Trypanosoma congolense infection of trypanotolerant N'Dama (Bos taurus) cattle is associated with decreased secretion of nitric oxide by interferon-gamma-activated monocytes and increased transcription of interleukin-10.

The mechanisms whereby trypanotolerant N'Dama cattle control infection with Trypanosoma congolense are unknown. Previous studies have suggested that the monocytes of N'Dama cattle are more highly activated during infection than those of trypanosusceptible Boran cattle. However, we have recently reported that the monocytes of Boran cattle have a reduced capacity to secrete nitric oxide during trypanosome infection. We therefore evaluated the production of nitric oxide by monocytes of trypanotolerant N'Dama cattle infected with T. congolense in response to interferon-gamma, bacterial lipopolysaccharide or trypanosome antigens.
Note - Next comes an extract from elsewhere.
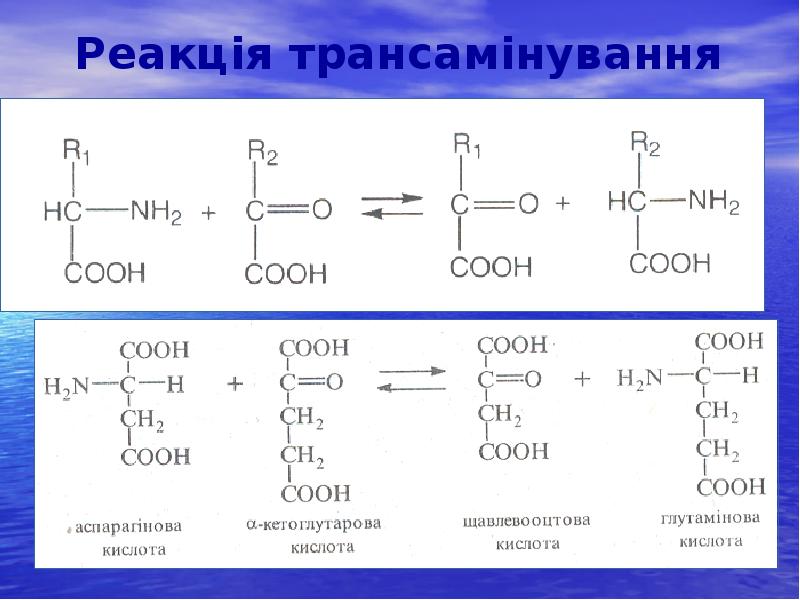 Реакція трансамінування Реакція трансамінування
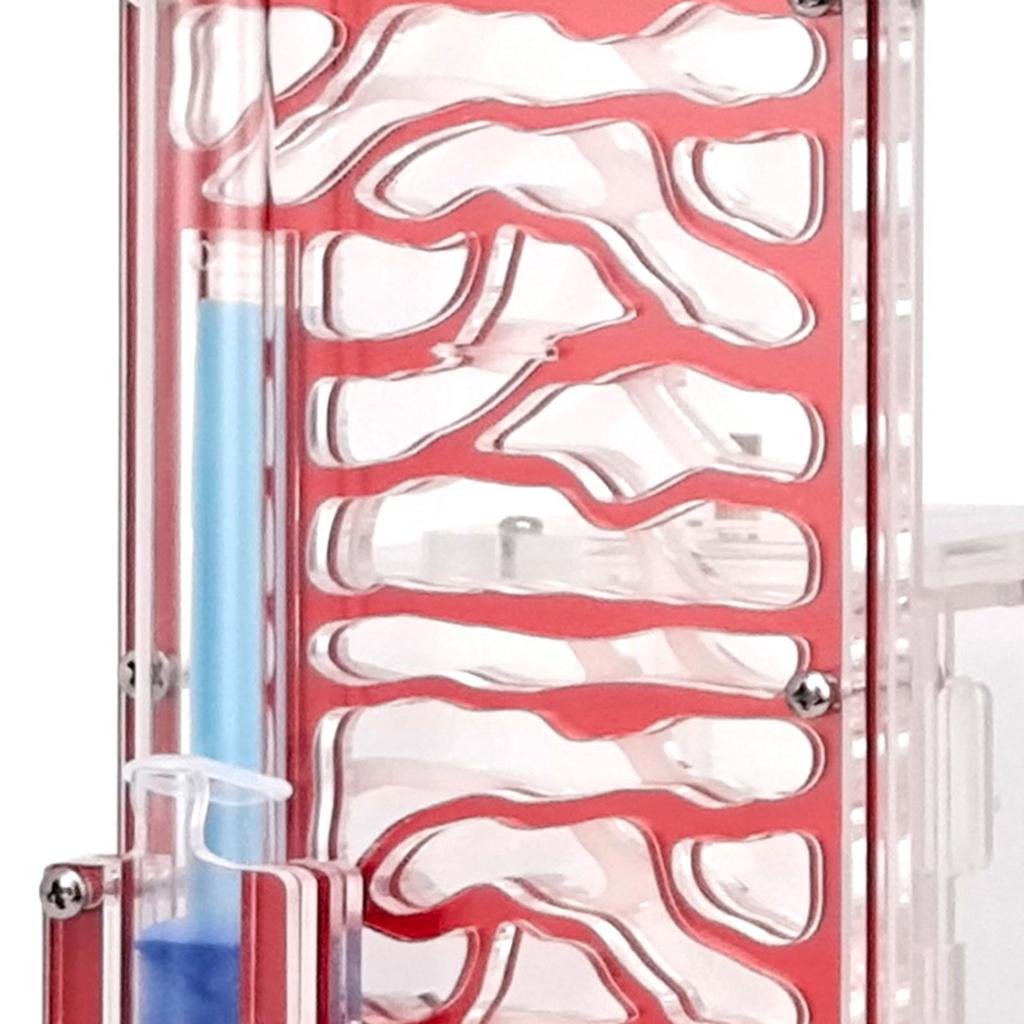 ANT Housing Nest DIY Funny Toys with Feeder Acrylic Habitat for Children's Day Lovers Decoration Tabletop Science Observation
Interferon-gamma-induced nitric oxide production was decreased between days 25 and 76 of infection, while lipopolysaccharide-induced secretion of nitric oxide was increased at days 13 and again at day 76 post-infection. Trypanosome antigens did not elicit nitric oxide production. Analysis of interleukin-10 mRNA transcription in peripheral blood leucocytes revealed an increase at time points that coincided with decreased interferon-gamma-induced nitric oxide synthesis. In contrast, interferon-gamma mRNA expression was not changed during infection while tumour necrosis factor-alpha was slightly reduced at day 32 post-infection. Recombinant interleukin-10 suppressed interferon-gamma-induced nitric oxide and tumour necrosis factor-alpha secretion, but not lipopolysaccharide-induced nitric oxide secretion in cultures of peripheral blood mononuclear cells and monocytes of uninfected cattle. These results suggest that the nitric oxide response of monocytes to IFN-gamma but not lipopolysaccharide, is suppressed during infection. The kinetics of the upregulation of interleukin-10 and its biological activity indicate a possible association with the depression of nitric oxide production and control of tumour necrosis factor-alpha.